| Prompt |
Reproduce exactly the lines from the one that holds "on the Plane" through the last line of the entries, both ends included, but not the pictures.

• • •

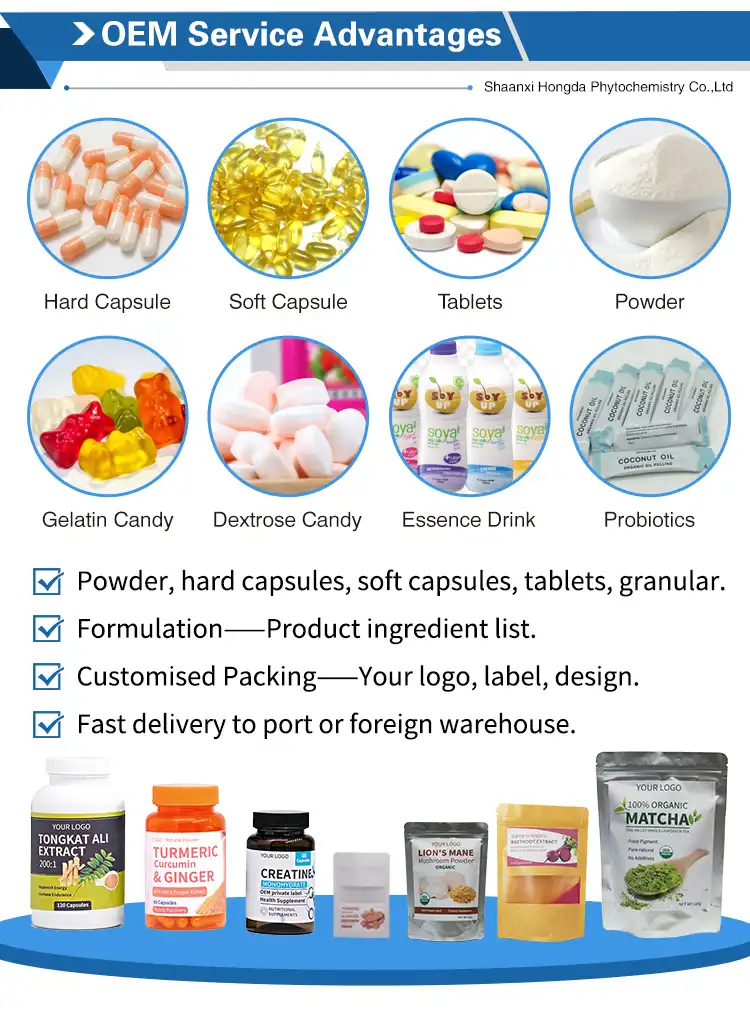 OEM&ODM Customized Service OEM&ODM Customized Service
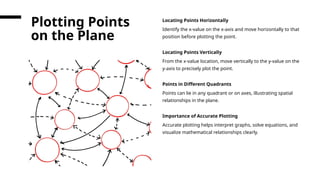 Locating Points Horizontally
Identify the x-value on the x-axis and move horizontally to that
position before plotting the point.
Locating Points Vertically
From the x-value location, move vertically to the y-value on the
y-axis to precisely plot the point.
Points in Different Quadrants
Points can lie in any quadrant or on axes, illustrating spatial
relationships in the plane.
Importance of Accurate Plotting
Accurate plotting helps interpret graphs, solve equations, and
visualize mathematical relationships clearly.
Plotting Points
on the Plane
 
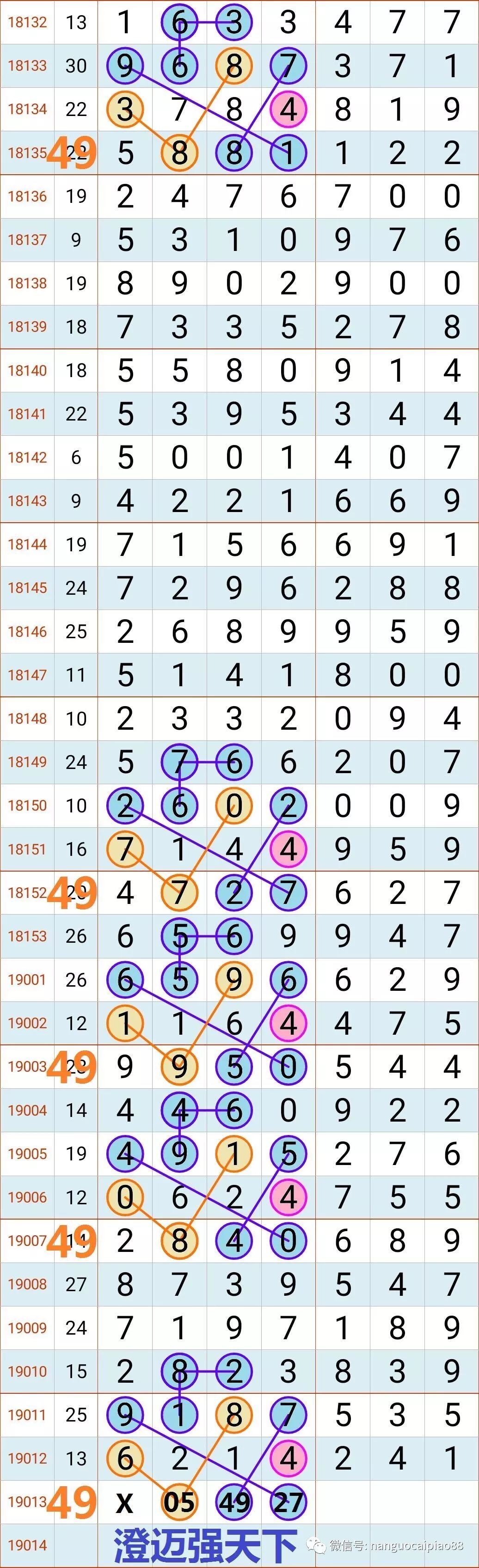 铁算算盘4887开奖资料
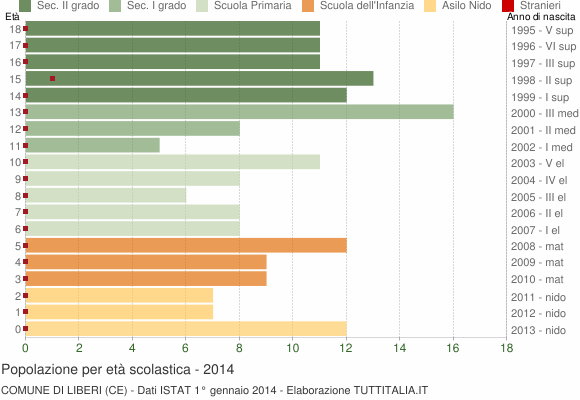 Grafico Popolazione in età scolastica - Liberi 2014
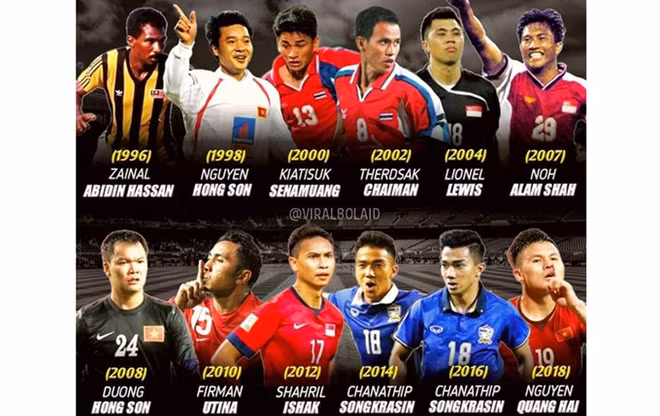 Futbolistas vietnamitas entre los mejores del torneo regional, según medio indonesio ảnh 1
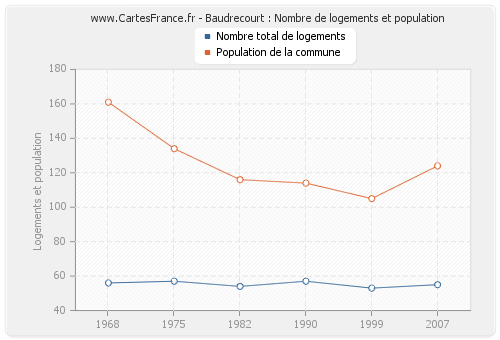 Baudrecourt : Nombre de logements et population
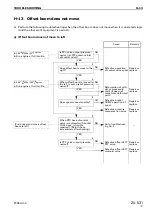 Предварительный просмотр 406 страницы Komatsu PC58UU-3 Shop Manual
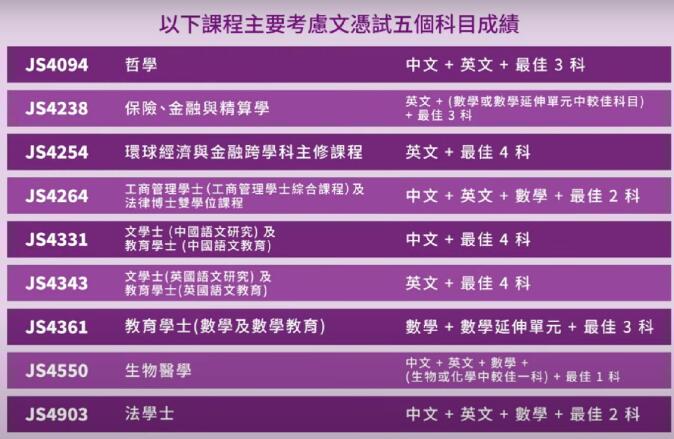一众港校官宣2024年JUPAS入学要求、DSE科目比重、附加分数等！
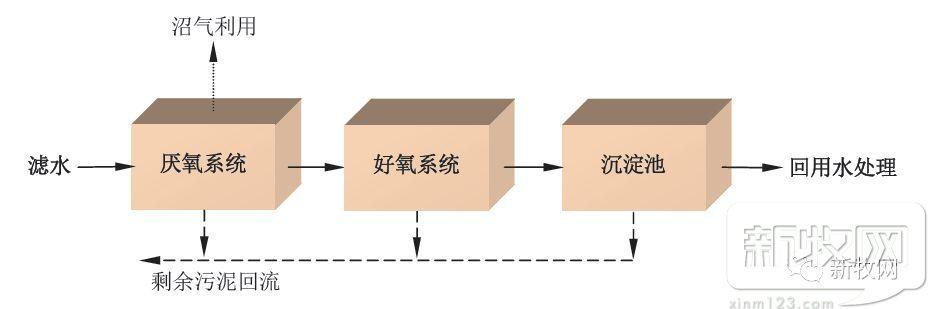 沼液滚筒过滤机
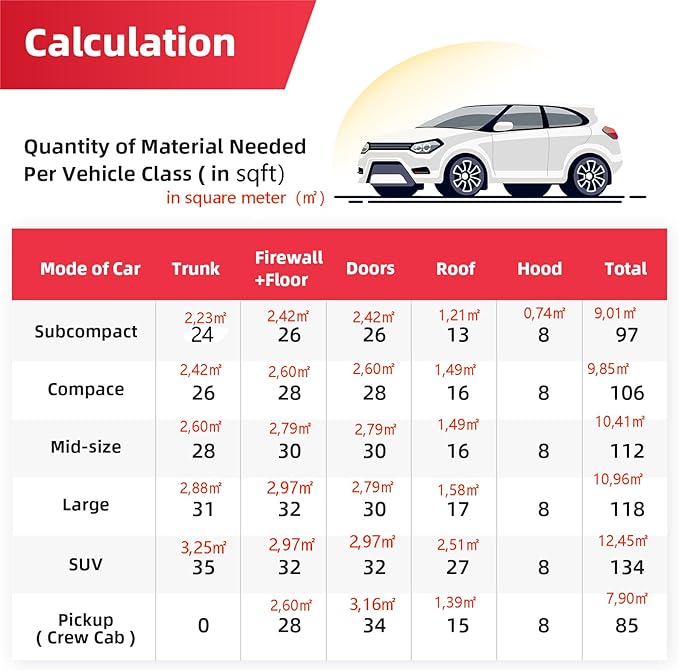 Sound Deadening Mat 157mil(4 mm) 107.64sqft - Car Sound Deadening Material Closed Cell Foam - Heat Insulation PE Foam Sound Deadener Material & Heat Barrier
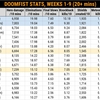 OWL2022 Week9 ドゥームスタッツを見る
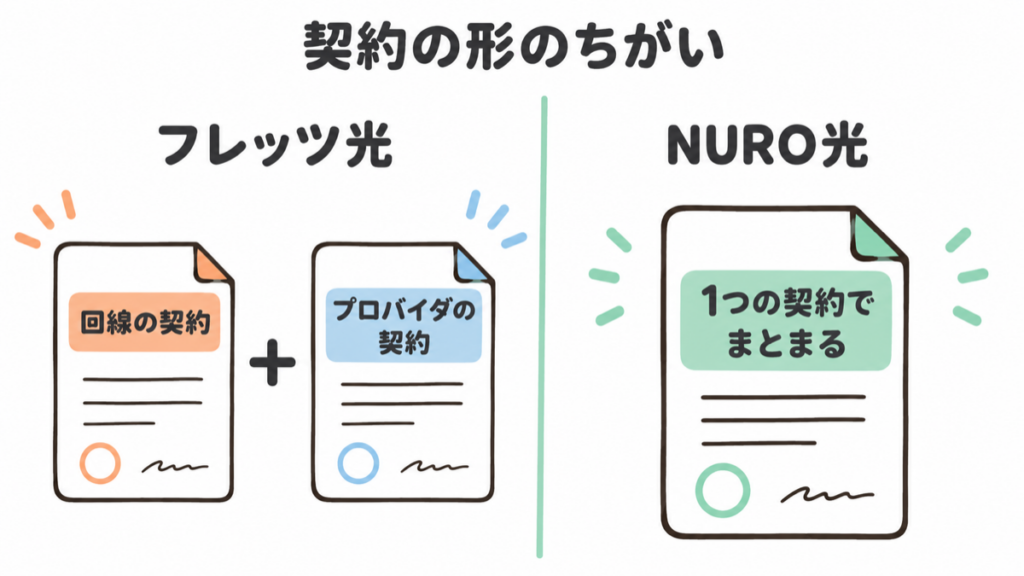 フレッツ光は回線とプロバイダの2契約、NURO光は1契約でまとまることを示す図解
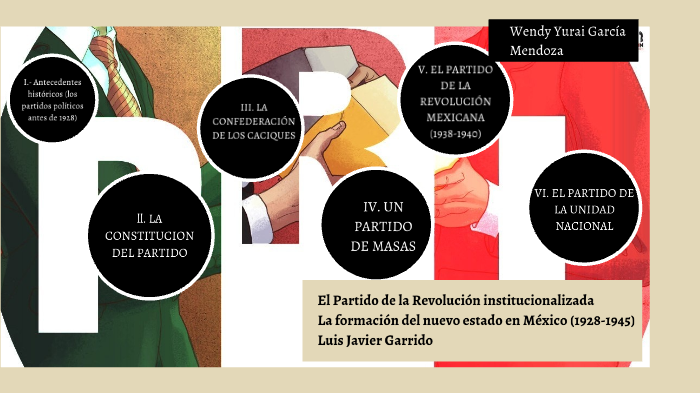 El Partido De La Revolución Institucionalizada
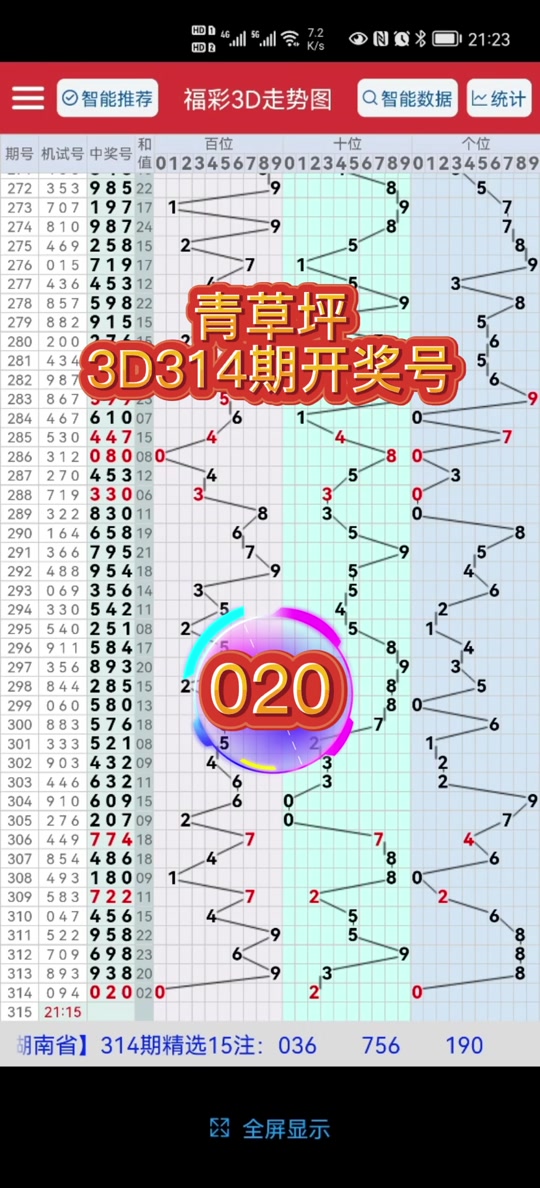 今天试机号是多少福彩3d - 抖音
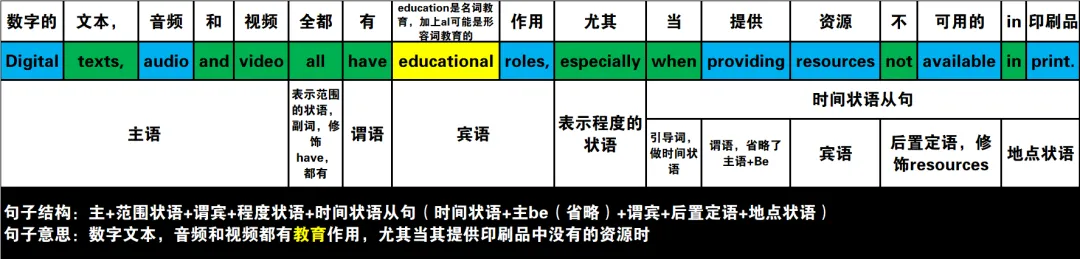 真题速过--3-2024年高考英语试卷(新课标Ⅰ卷)阅读C 第17张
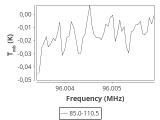 tmc1-cal-60_0:3mm_ori_63.png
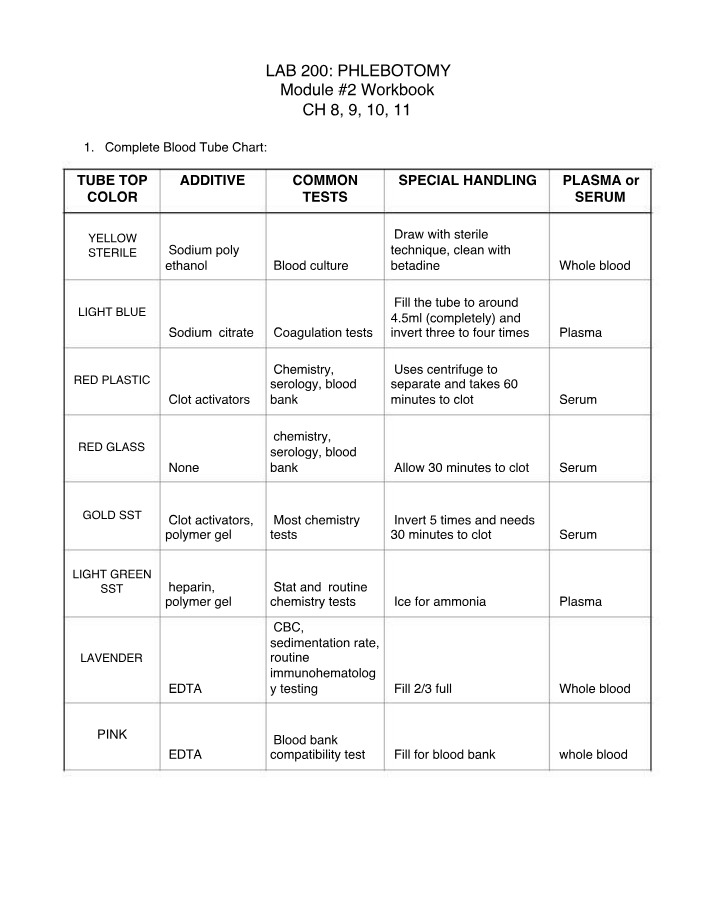 Workbook for Phlebotomy Lab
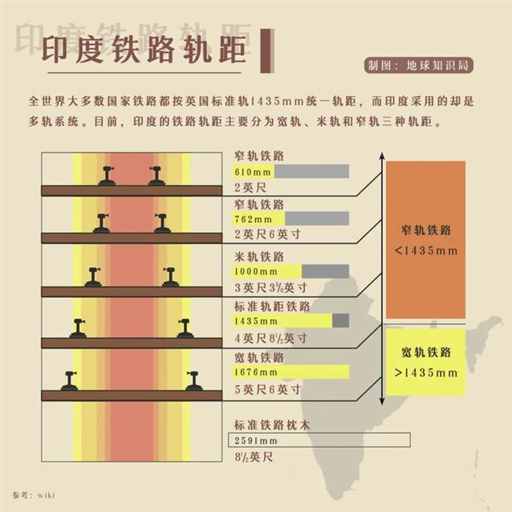 印度，出轨为何屡禁不止？| 地球知识局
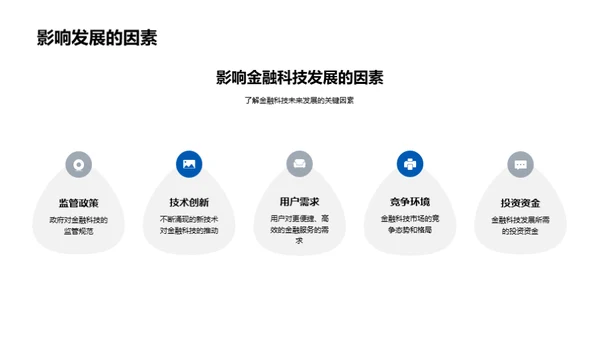 探索金融科技未来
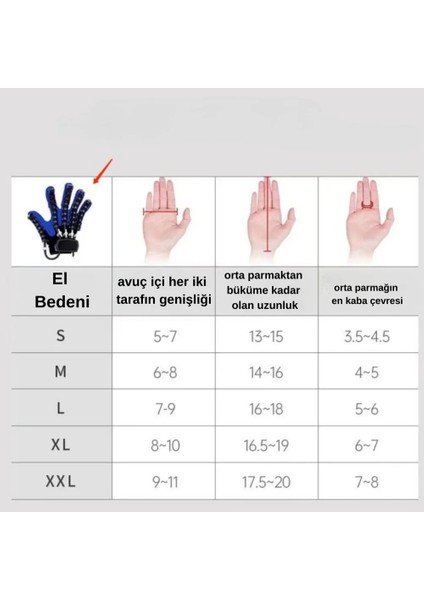 Robotik El Rehabilitasyon Cihazı | Otomatik Çapraz Parmak Egzersizi ile Felç ve Travma Sonrası Hızlı Iyileşme Desteği C12 (Çift El)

• • •

| Output for this exercise |
on the Plane
 
 铁算算盘4887开奖资料
 Grafico Popolazione in età scolastica - Liberi 2014
 Futbolistas vietnamitas entre los mejores del torneo regional, según medio indonesio ảnh 1
 Baudrecourt : Nombre de logements et population
 Предварительный просмотр 406 страницы Komatsu PC58UU-3 Shop Manual
一众港校官宣2024年JUPAS入学要求、DSE科目比重、附加分数等！
 沼液滚筒过滤机
 Sound Deadening Mat 157mil(4 mm) 107.64sqft - Car Sound Deadening Material Closed Cell Foam - Heat Insulation PE Foam Sound Deadener Material & Heat Barrier
 OWL2022 Week9 ドゥームスタッツを見る
 フレッツ光は回線とプロバイダの2契約、NURO光は1契約でまとまることを示す図解
 El Partido De La Revolución Institucionalizada
 今天试机号是多少福彩3d - 抖音
 真题速过--3-2024年高考英语试卷(新课标Ⅰ卷)阅读C 第17张
 tmc1-cal-60_0:3mm_ori_63.png
 Workbook for Phlebotomy Lab
 印度，出轨为何屡禁不止？| 地球知识局
 探索金融科技未来
 Robotik El Rehabilitasyon Cihazı | Otomatik Çapraz Parmak Egzersizi ile Felç ve Travma Sonrası Hızlı Iyileşme Desteği C12 (Çift El)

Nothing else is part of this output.